Educause Security Discussion mailing list archives

Re: Detecting Certificate Authority compromises and web browser collusion


From: Dean Woodbeck <woodbeck () INTERNET2 EDU>
Date: Thu, 24 Mar 2011 20:58:59 -0400


On Mar 24, 2011, at 2:31 PM, Jesse Thompson wrote:

This is a very interesting article on the failure of the certificate authority model of trust.  Additionally, it's 
worth noting that the specific breach involved Comodo, which is the CA for the new Internet2 InCommon Federation CA.

But this in no way affects nor involves the InCommon Certificate Service. Here is the information that John Krienke, 
COO of InCommon, sent to the community today:

-----------------
InCommon Certificate Service partner, Comodo, had a recent incident that has appeared in community news/blog sources, 
and there may be some questions developing.

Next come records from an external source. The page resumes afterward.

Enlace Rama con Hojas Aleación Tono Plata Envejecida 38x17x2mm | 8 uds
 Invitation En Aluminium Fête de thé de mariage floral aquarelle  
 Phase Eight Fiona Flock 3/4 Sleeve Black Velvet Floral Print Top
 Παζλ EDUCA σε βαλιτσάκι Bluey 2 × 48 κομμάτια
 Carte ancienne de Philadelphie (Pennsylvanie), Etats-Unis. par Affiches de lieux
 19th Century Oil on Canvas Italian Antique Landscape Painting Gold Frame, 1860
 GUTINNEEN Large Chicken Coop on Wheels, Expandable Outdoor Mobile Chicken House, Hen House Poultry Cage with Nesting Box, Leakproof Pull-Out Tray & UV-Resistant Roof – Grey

A short summary of the story: A Comodo reseller account was compromised and some certificates were issued that could be 
used to spoof high-value websites. Comodo has revoked the certificates and communicated details of the incident in a 
blog post (see below).

Key points for us:

- This in no way affects the InCommon Certificate Service, the InCommon physical Certificate Authority (CA) systems, or 
for that matter any Comodo CA. The incident involved an account username/password issue. The security of all the Comodo 
CAs and their private keys are intact.

- I met with community experts that serve on our PKI subcommittee last night to review the facts. You can be assured 
that we're actively monitoring the situation.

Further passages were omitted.